## [ACTIVITY]
Write the full listing out again, word for word, but omit the pictures.

## [DATASET CONTENT]
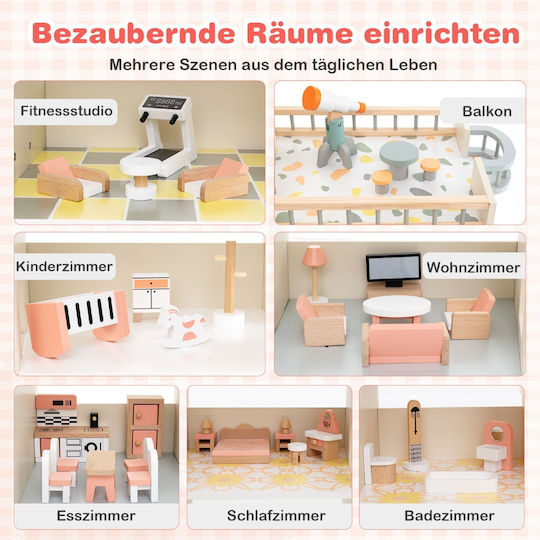 Costway Holzpuppenhaus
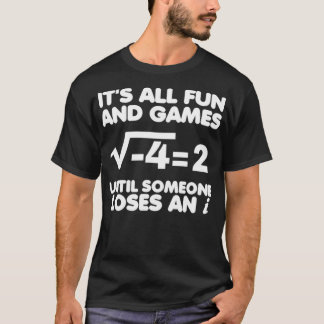 Camiseta Idea divertida de ciencia Física de matemáticas al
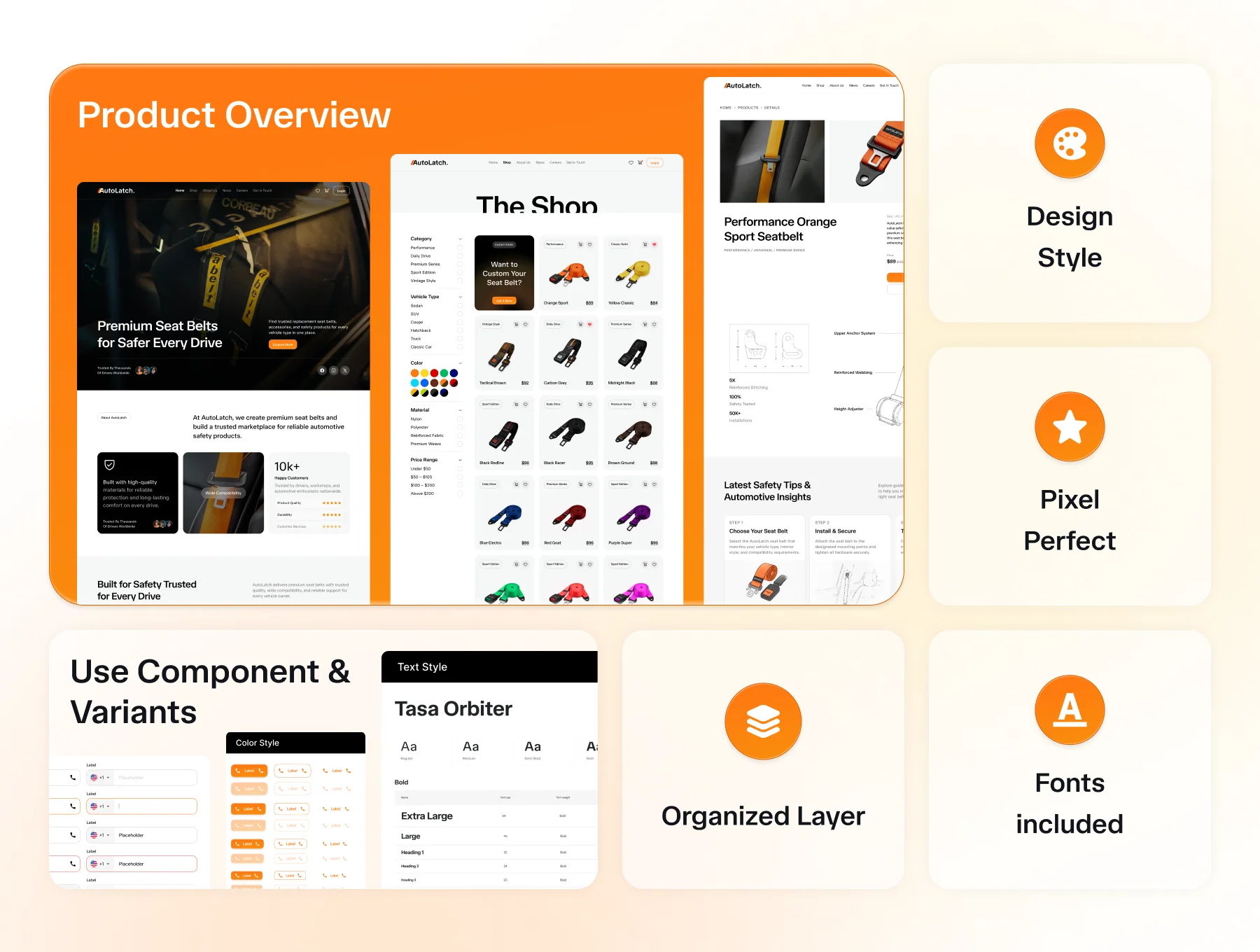 AutoLatch - Auotomotive Marketplace Website Template 3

## [ANSWER SECTION]
 Costway Holzpuppenhaus
 Camiseta Idea divertida de ciencia Física de matemáticas al
 AutoLatch - Auotomotive Marketplace Website Template 3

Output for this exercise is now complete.